In a longitudinal biomarker analysis of a phase 2a trial (NCT04309474) assessing elezanumab, an agent specific to repulsive guidance molecule A (RGMa), findings showed increased levels of neurofilament light (NfL) and glial fibrillary acidic protein (GFAP) during acute stroke, which diminished over time with different temporal patterns.1
Presented at the 2024 International Stroke Conference (ISC) held February 7-9, in Phoenix, Arizona, the preliminary analysis included 34 patients, aged 30-90 years old, with acute ischemic stroke, and 31 healthy adults. Participants were randomly assigned 1:1 to elezanumab or placebo by intravenous (IV) infusion within 24 hours of “last known normal” and every 4 weeks thereafter for 48 weeks for a total of 13 doses. Coming into the study, patients had a National Institute of Health Stroke Scale (NIHSS) total score of 7 to 21.
Presented by Matthew Szapacs, scientific director of Precision Medicine – Neuroscience at AbbVie, baseline NIHSS total score for the cohort was 10.9 (SD, 4.3), with elevated NfL and GFAP concentrations observed on day 1 in patients with stroke vs healthy adults. Specifically, investigators observed mean NfL concentrations of 48.7 pg/mL in patients with stroke vs 13.9 pg/mL for healthy adults. Mean concentrations of GFAP were 746.0 pg/mL vs 137.2 pg/mL, respectively.

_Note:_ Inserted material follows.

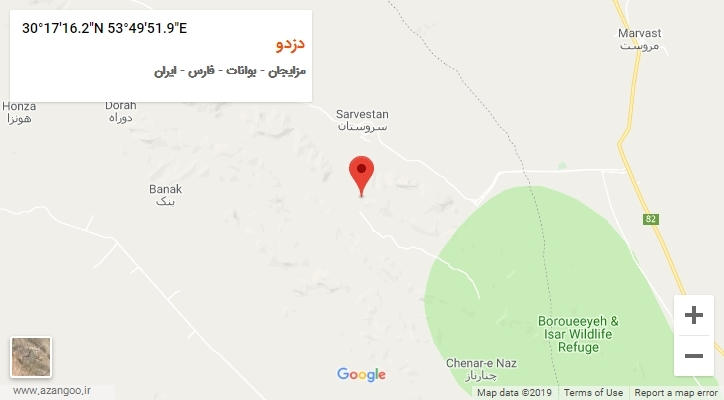 روستای دزدو بر روی نقشه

As noted, the levels of these neuroaxonal biomarkers diminished over time, with peak NfL and GFAP elevations occurring at day 28 and days 2-4 days, respectively. The study, which was double-blinded in nature, also showed that NfL and GFAP concentrations were lower at week 52 than day 1. Protein, mRNA, and miRNA, assessed with omics approaches, will be included in forthcoming analyses, the study authors noted.

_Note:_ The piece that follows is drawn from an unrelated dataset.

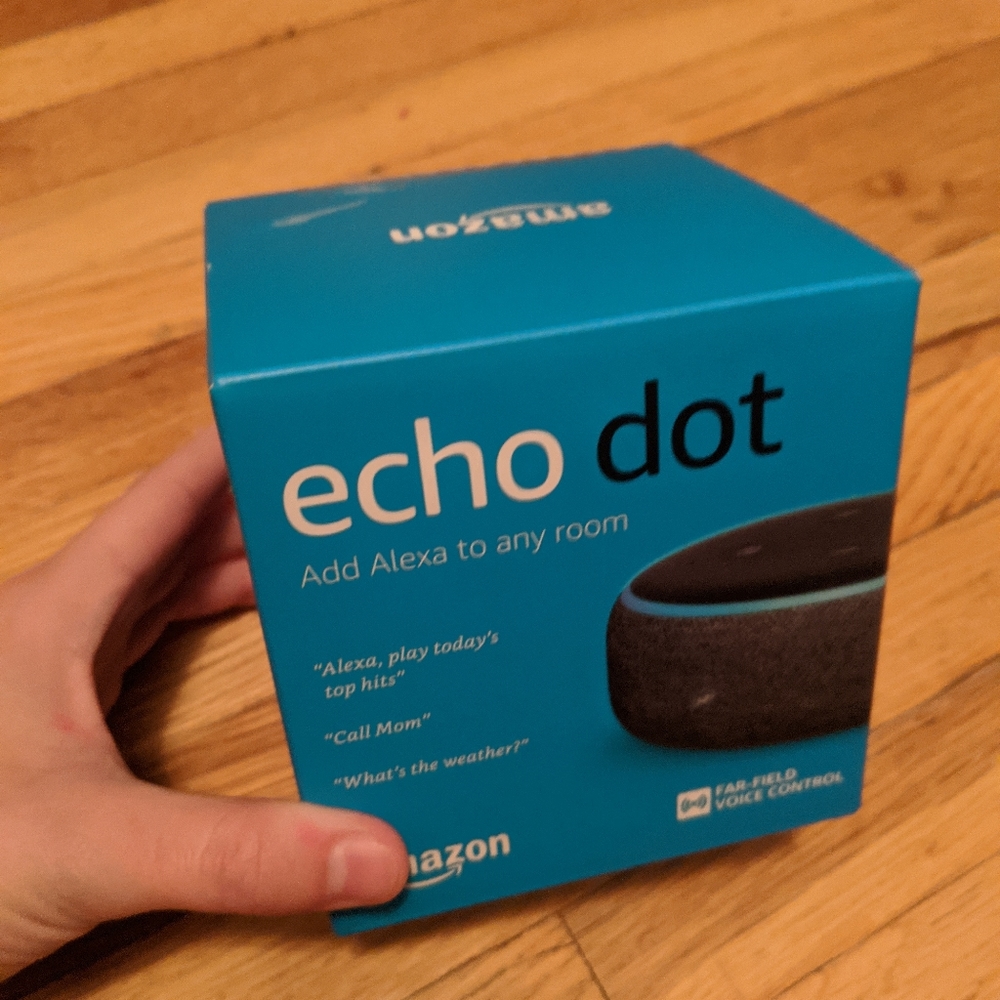 Amazon Alexa echo dot NEW NEVER OPENED GREAT PRICE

"Final unblinded results will provide a robust natural time course of specific biomarkers of neurodegeneration including GAP43," Szapacs et al wrote.1 "Identifying relevant post stroke biomarkers with directed and exploratory omics may allow development of validated assays to assess efficacy and support decision making in clinical trials."

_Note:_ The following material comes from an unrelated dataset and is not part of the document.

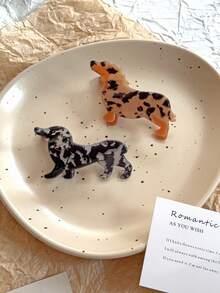 1pc Unique Pet Dog Corgi/Shepherd Shaped Hair Claw Clip, New Design For Women, Hairstyle Decor, Holiday Gift Fall Hair Accessories Autumn Hair Clips Leopard Print Hair Clutch Fashion Clips For Hair Elegant Winter For Vacation Outfits Woman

Also known as ABT-555, elezanumab is a fully human monoclonal antibody directed against RGMa. RGMa is a potent modulator of axonal growth, myelination, and downstream immunoregulatory molecules that are key factors for inhibiting neuronal and oligodendroglial regeneration and functional recovery after central nervous system (CNS) trauma or inflammation. Previous research has shown that RGMa neutralization can be a novel approach that may provide neurorestoration/regeneration and functional recovery in a variety of degenerative CNS diseases.2
At last year’s ISC meeting, elezanumab was evaluated in a rabbit permanent middle cerebral artery occlusion (MCAO) model of acute ischemic stroke by injection of an autologous blood clot. In replicate experiments, elezanumab (1, 10, and 40 mg/kg) or immunoglobulin control was administered 6 hours post occlusion or 24 hours post occlusion (10 mg/kg). Results showed that all doses of elezanumab demonstrated statistically significantly improved neuromotor function and recovery rate versus controls when dosed 6 hours post occlusion.3
The animal model also revealed that elezanumab-treated patients had significant reductions in infarct volumes, plasma NfL levels, and histological evidence of microglial proliferation. Investigators concluded that collectively, these data support a neuroprotective for the agent in a translational model of acute ischemic stroke.